Descrivi la tua cucina in tre aggettivi.
Storica, memorabile, spaziale. La cultura STORICA gastronomica dell’antica Pompei, per me, rappresenta un punto di riferimento che, ci consenta di esprimere creatività ed innovazione nei piatti, affinchè gli stessi siano MEMORABILI per gli ospiti e diventino per loro un’esperienza emozionale SPAZIALE, che li proietti verso il futuro del piacere a tavola.
Se fossi un film, che film saresti?
“Forrest Gump”, perché come il protagonista, anche io ritengo che bisogna sempre vivere in accelerazione costante e che il raggiungimento di un obiettivo sia, al contempo, il punto di partenza per la corsa ad un altro traguardo.
Se fossi una canzone, che canzone saresti?
“Figli delle Stelle” di Alan Sorrenti, perché tutti gli chef, in particolare quelli con il macaron Michelin, sono figli delle stelle.
Qual è il giudice che temi di più?
Mia moglie, è il mio giudice più severo, ma, al contempo, “il migliore motivatore” che esista. Se, quando preparo un piatto, riesco a suscitare in lei l’effetto #5 millimetri, allora sono certo di aver fatto centro! L’idea di un nuovo piatto, nasce da un attimo, da una ispirazione istantanea, che, poi, si concretizza e si matura attraverso lo studio di quell’idea, del modo giusto per farla diventare emozione per il proprio ospite.
Qual è il tuo ristorante preferito?
La terrazza della nostra casa al mare nel Cilento, soprattutto la sera, quando, in piena estate, il profumo del cibo, diventa tutt’uno con quello del mare e ceno vestito del mio dress code preferito: jeans, t-shirt e scarpe sportive.
Qual è un tuo difetto?
Sono estremamente preciso e determinato nel raggiungere un obiettivo.
E un tuo pregio?
Sono estremamente preciso e determinato nel raggiungere un obiettivo, ogni medaglia ha il suo rovescio… fortunatamente!
Cosa avresti fatto se non avessi fatto il cuoco?
La passione per la cucina nasce praticamente con me.

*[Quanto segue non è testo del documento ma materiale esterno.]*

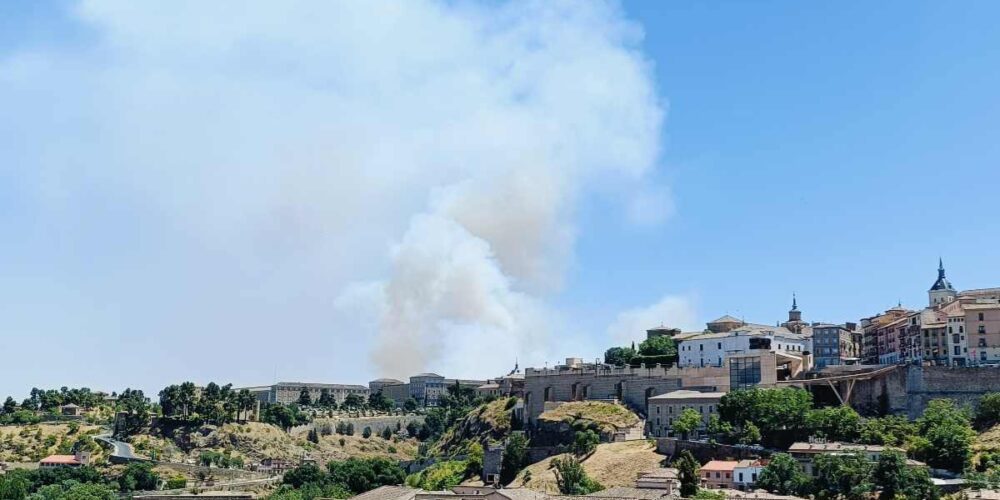 Fuego en las cercanías de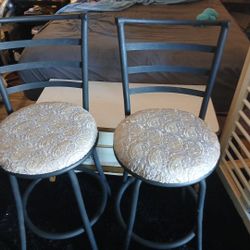 Swivel Stools 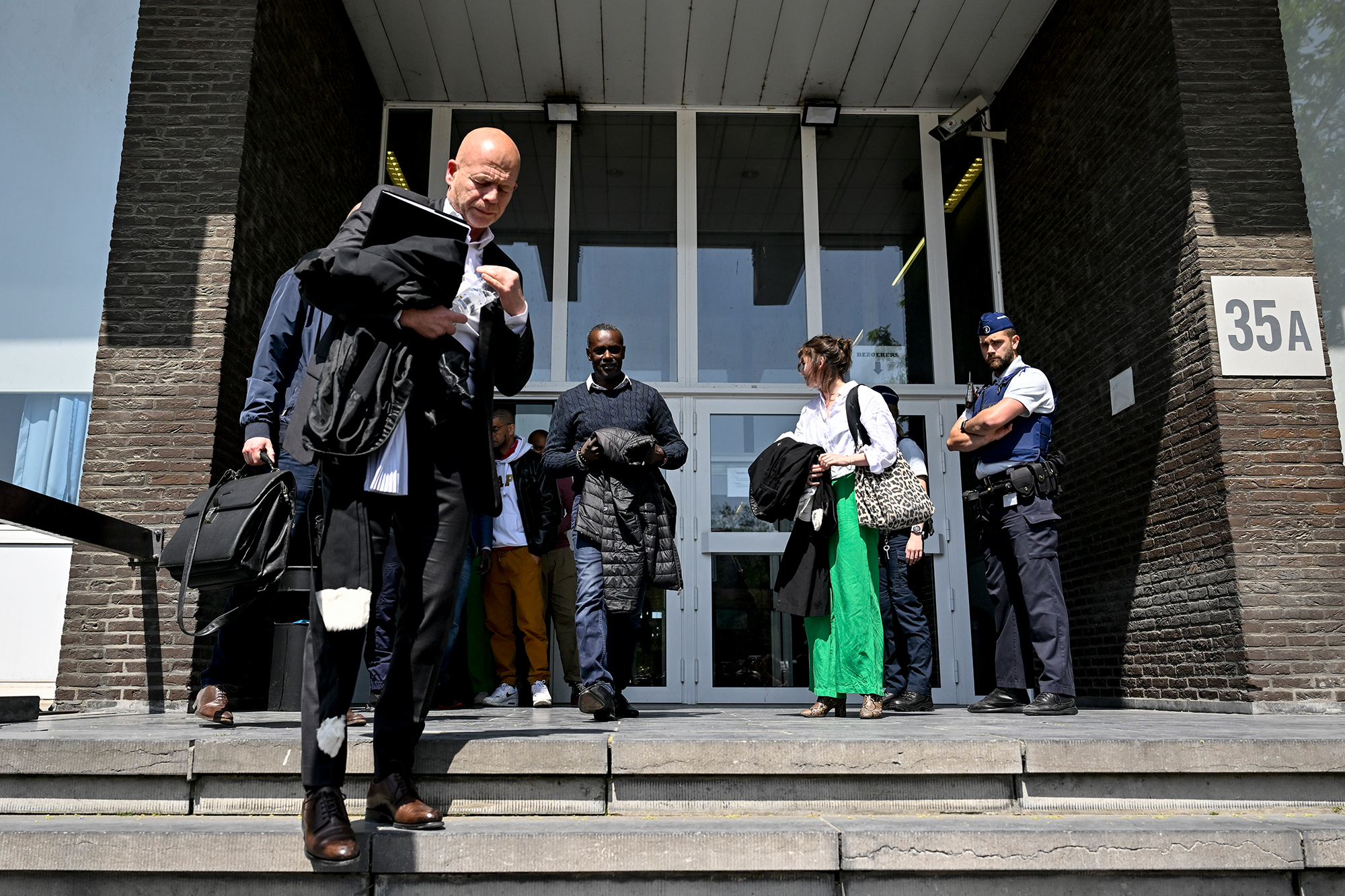 Anwalt Sven Mary und Vater Ousmane Dia verlassen den Gerichtssaal nach dem Urteil am 26. Mai (Bild: Dirk Waem/Belga)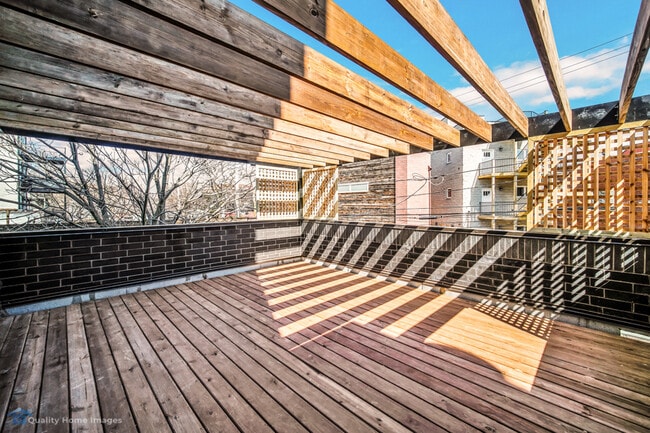 Building Photo - 2851 N Clybourn Ave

Dopo gli studi matematici, che mi hanno conferito un senso di precisione mentale importante, si è formata in me l’idea che “da grande” volevo fare il cuoco. Sono tra quei fortunati che nella vita fanno ciò che hanno sognato da bambini. Forse, avrei fatto il pompiere, perché? Io ho sempre amato il fuoco… Oggi, infatti, brucio di passione per quello dei fornelli delle cucine del President!
Ricetta - L’Astice Ubriacata
Ubriacare qualcuno è un delitto? E se ad essere “ubriacata” fosse una meravigliosa astice che la notte prima nuotava sui fondali di scogli ricoperti di alghe e sulle praterie di Poseidonia? Il profumo, il gusto ed il sapore che avrà quel fantastico crostaceo a cottura ultimata, Vi ripagherà del “reato” commesso.
Ingredienti per 2 persone:
n. 2 astici da gr. 500 circa - Vino bianco due litri - Misticanza di insalata - Olio extravergine d'oliva - Sale q.b. - n. 1 limone - n.1 arancia - gr. 200 di maionese - gr. 80 caviale - un cucchiaio da the di cognac
Preparazione:
Immergere in una pentola l'astice versandovi un buon vino bianco, lasciando che essa “beva” parte del vino per circa due ore. Aggiungere due litri di acqua e lasciare cuocere lentamente. A cottura ultimata, dividere l’astice in due parti e pulirla delle interiora, bagnandola nuovamente nell'acqua e nel vino di cottura.
Per la salsa di caviale:
Amalgamare la maionese con il caviale e il cognac.
Composizione del piatto:
Adagiare l'astice su un letto di insalatine selvatiche e condire con olio extravergine di oliva, poche gocce di limone, sale. Servire ancora calda, accompagnando con una salsa fatta da maionese e caviale inserita nella parte superiore dell’astice svuotata, guarnire il piatto con le chele e fettine in bellavista di arance. Spolverare il piatto con granelli di buccia di arancio grattugiata.